Hingga kini peristiwa itu tidak pernah lupa dalam memori teman-temanku. Jika mereka ketemu anakku, atau mereka melihat foto anakku, mereka selalu bertanya, “Ini Yuni yang kecebur ke kolam?” Tetapi jika mereka bertemu dengan anakku yang nomor dua, yang mereka tanyakan, “Ini si Ade yang suka ngegosip?” Terkadang aku tersipu malu dengan gosip anak-anakku. Hanya yang nomor tiga tidak pernah dikenang mereka, karena anak ini pendiam.

 Jika aku renungkan sekarang, melihat ketiga anak-anakku yang sudah pada dewasa. Mereka semua hidup mandiri. Jika aku bandingkan dengan keponakan, atau anak orang lain yang senantiasa hidup manja atau dimanja. Sehingga segalanya harus selalu diladenin padahal mereka sudah bisa. Hatiku sering merasa jengkel. Tapi ketika aku mendapat pemberian dari anak-anak, baik itu makanan atau pakaian, hati ini terasa sedih bagai disayat-sayat. Sungguh aku sering membawanya sengsara, tapi anak-anakku selalu ingin membuat ibunya senang.

Dulu ia dibawa hidup menderita. Anak pertama dan anak kedua, yang pernah tinggal di Kadungora selama saya hidup susah. Mereka setiap hari berjalan kaki melewati pematang sawah, atau melewati jalan kereta, karena tidak punya uang untuk naik ojeg. Terkadang ia jatuh ke lumpur, lalu saya marahi karena tidak hati-hati. Baju dan sendalnya kotor. Yang paling menyedihkan setiap aku tanya jawabannya tidak jujur.

”Neng, cape tidak?”

“Tidak, Bu!” mulut kecilnya menjawab.

“Neng, ibu tau. Eneng itu cape. Itu keringat mengucur di muka,” jawabku sambil berhenti lalu memeluknya.

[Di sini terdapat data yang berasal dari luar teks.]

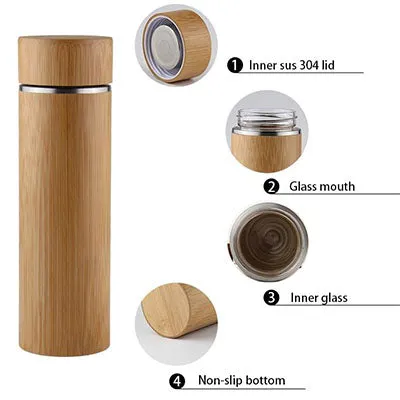 Eco Friendly BPA Free Bamboo Glass Water Bottle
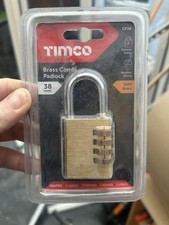 Timco - Brass Combi Padlock (Size 38mm - 1 Each)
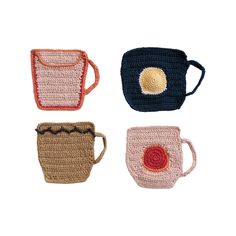 three crocheted coffee mugs are shown in four different colors and designs, one is blue, the other is brown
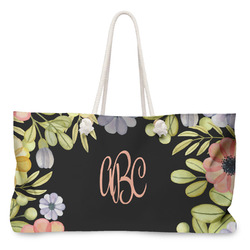 Boho Floral Large Tote Bag with Rope Handles (Personalized)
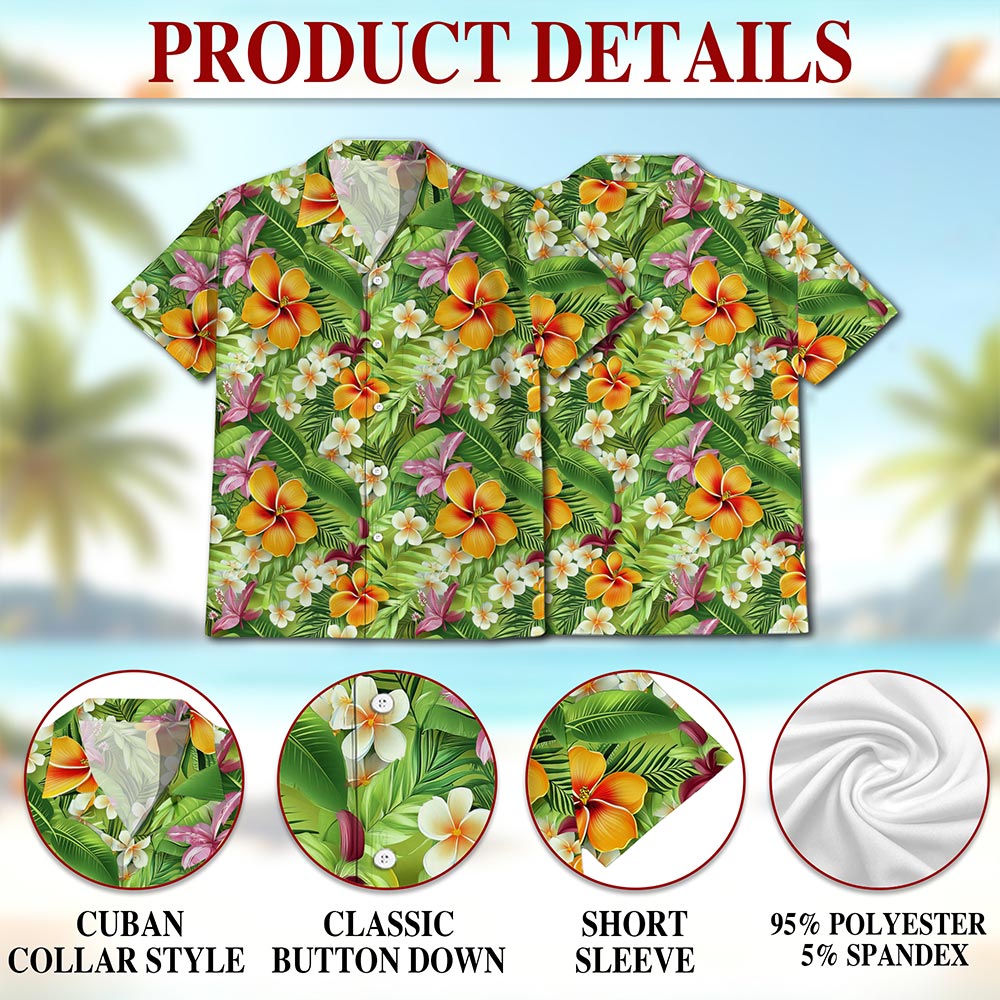 Netecom Aloha Tropical Hawaiian Shirt for Men, Floral Style, Button Down Summer Beach Short Sleeve, S-5XL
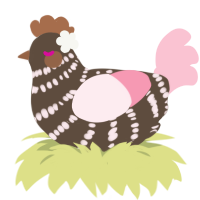 A bark and rose chicken with a bar pattern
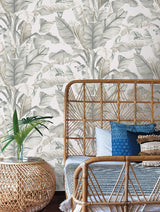 Wallpaper Banana Leaf Wallpaper // White & Cream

“Lalu ia mengangguk, menatap wajahku. Aku semakin sedih, semakin berdosa, melihat ketidak jujuran anakku karena ia takut. Ia takut ibunya marah jika menjawab cape. Dan ia takut besoknya dititipkan di rumah tetangga. Padahal aku tidak ingin menitipkannya juga.

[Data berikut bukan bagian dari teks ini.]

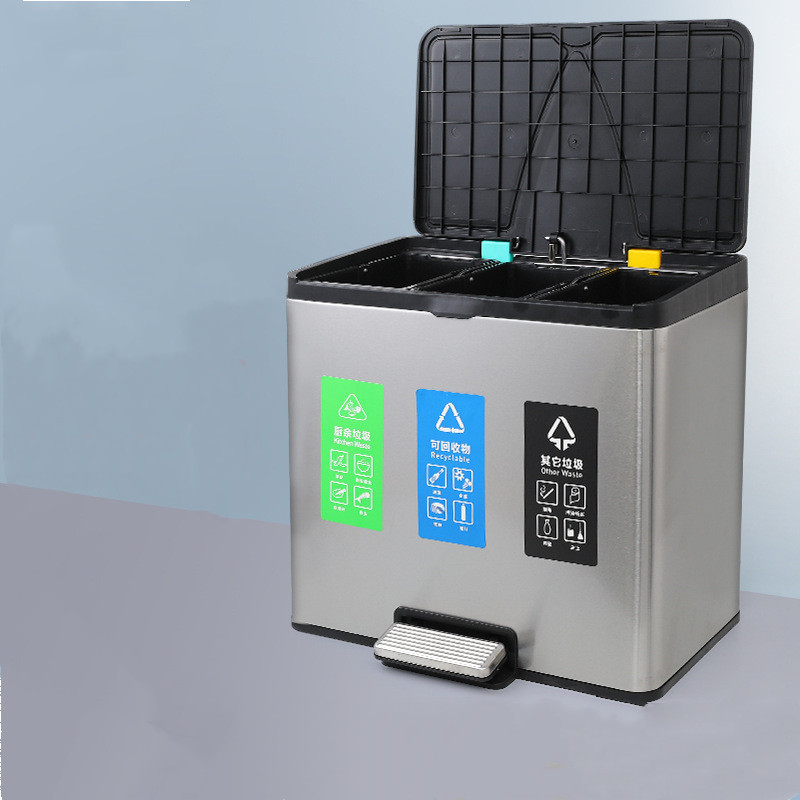 Household Kitchen Dry and Wet Separation Stainless Steel Classified Trash Bin Foot Trash Bin Living Room Double Barrel Three Barrel Office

Dari rumah, dia sudah diwanti-wanti, jangan banyak jajan karena ibu tidak punya uang. Yuni, anak penurut. Ia tidak pernah minta jajan kalau tidak dikasih. Tapi sebagai ibu tidaklah mungkin membiarkan anakku kelaparan. Jika aku sedang tidak punya uang, aku terpaksa ngambil jajanan dulu. Besok lusa jika suamiku sudah pulang dibayar. Karena itu, anakku selalu menanyakan kapan ayah pulang. Ia tahu 

jika ayahnya pulang,  ke sekolah tidak akan berjalan kaki dan bisa dikasih uang jajan. Dan jika ayahnya di rumah, ia tidak ikut sekolah. Ia bisa bermain-main mencari capung di halaman rumah.

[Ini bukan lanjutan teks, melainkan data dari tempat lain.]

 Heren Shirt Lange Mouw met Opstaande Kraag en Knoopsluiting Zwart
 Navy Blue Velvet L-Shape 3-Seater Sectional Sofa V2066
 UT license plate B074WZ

Setelah masuk SD, Yuni masih ikut ke sekolah. Terkadang ia pergi ke sekolah dan pulang sekolahnya ke SMP, karena ibunya masih di sekolah. Sementara Meirina, yang biasanya dititipkan setelah berusia dua tahun ia ingin ikut bersama ibunya juga. Akhirnya aku terkadang membawa dua anak sekaligus ke sekolah. Kedua anakku sudah akrab dengan angin, hujan dan panas. Membawa dua anak sekaligus setiap hari, terkadang mengundang sakit hati dari tukang ojeg.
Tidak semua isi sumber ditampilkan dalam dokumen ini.